What is your next photo engagement with a writer? Is there anyone you would like to photograph but have not managed to yet?

My schedule is quite full. I would like very much to do a portrait of a writer in Bucharest. From here I’m going to Cadiz to open an exhibition in Andalusia. A week after that I’m travelling to the book fair in Santo Domingo and from there to Managua, the capital of Nicaragua, where I will take part in a festival that is called Centroamérica Cuenta.

Another showy term that I ended up adopting is that of the “mapping” I do. And if an atlas is what I’m doing, it is filled with oceans because it is full of absences. The more writers I try to photograph, the more I have to photograph. It would be impossible to take photos of everybody and there are authors I would have liked to photograph but died before I could do so. Not to avoid your question – if there is an author I would like to photograph it is one whom I admire a lot, who lives in my own city and with whom I feel very in tune: it is Milan Kundera.

Is there anyone or anything you would never photograph?

I have been asked more than once what would be the limit and I think, for example, that it would be a writer that collaborated with the military dictatorship in Argentina or a writer who has been a mouthpiece for whatever regime. But in the end, I tell myself that instead of denying myself the photo I would take a portrait of them and let my feelings on the topic show in the photo.

What can and what cannot be shown in a photo?

Often my photos unconsciously show things that writers are trying to hide. I’m not doing this on purpose; it’s just how things turn out. In any case, it all comes out with good faith and, when it happens, what I do is share the photo with the writer, ask for permission to publish it without explaining why I’m asking for it or revealing what I see. I simply look for his or her complicity, not only in taking the photograph, but also with bringing it to light.

Simona Fodor

 

The “fotinski” is a fun photograph showing the author outside his or her customary writer’s pose.
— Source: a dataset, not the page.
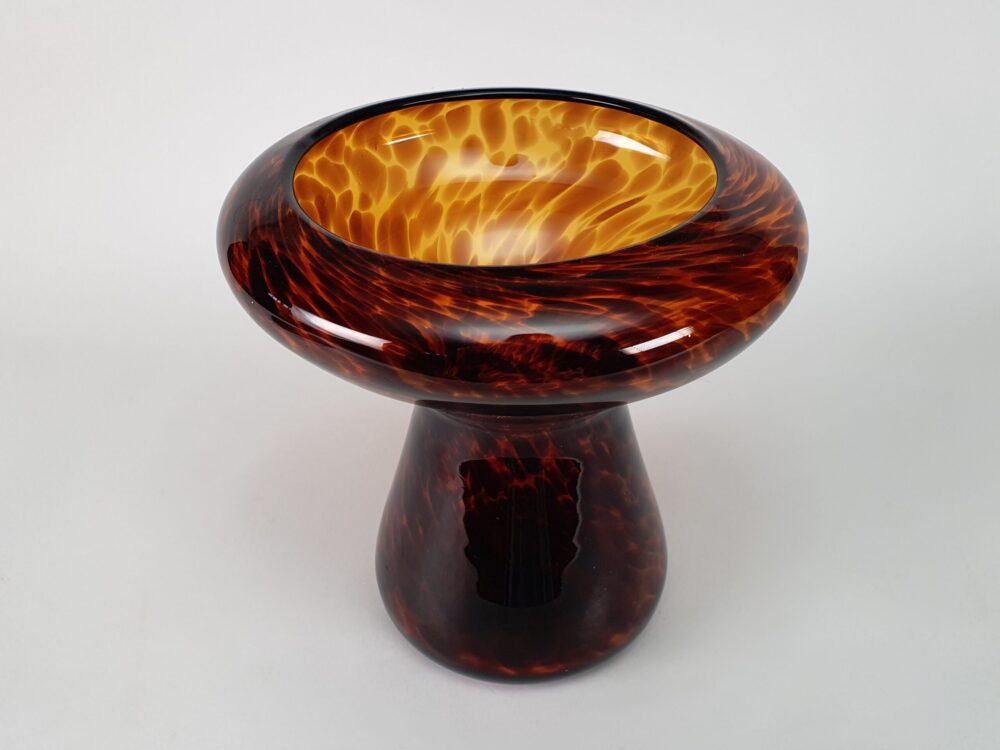 Antique Art Deco tortoiseshell mushroom shaped Glass Vase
Mordzinski explains the importance of ensuring the humor or irony that often accompanies these photos never crosses into the ridiculous.

A selection of photos taken by Daniel Mordzinski

 

 

 

 

 

 

 

 

 

 

 

 

 

 

 

 

 

 

 

CREDENTIALS

Born in Buenos Aires in 1960, Mordzinski started working in the national film industry aged 18. In 1982 he began his career as a professional photographer as a correspondent in Israel. He has been living in Paris since 1980 and is currently the correspondent of Spanish newspaper El Pais.The Argentine is an official photographer of several literary events, including the Hay festival, Vivamerica in Madrid and FILBA in Buenos Aires. He photographed Peruvian writer Mario Vargas Lllosa, winner of the 2010 Nobel Prize for Literature, at the awards ceremony.

His works have been exhibited in museums across Latin America and at European festivals, and are to be found among some of the most prestigious collections of contemporary photography. Mordzinski made news last year when it was discovered that negatives he had built up over more than 30 years of work had disappeared from his office at the French daily Le Monde after a move. The event caused indignation on social networks and Le Monde and El Pais later issued a statement apologizing for the loss.

WHERE

Ink and Light. A look inside Hispano-American Literature.  

De tinta y luz. Una mirada al alma de las letras hispanoamericanas

The exhibition is open from April 16 to May 30.

Visiting hours: Monday to Saturday, from 10.00 to 19.00.

Instituto Cervantes, 38 Regina Elisabeta Blv.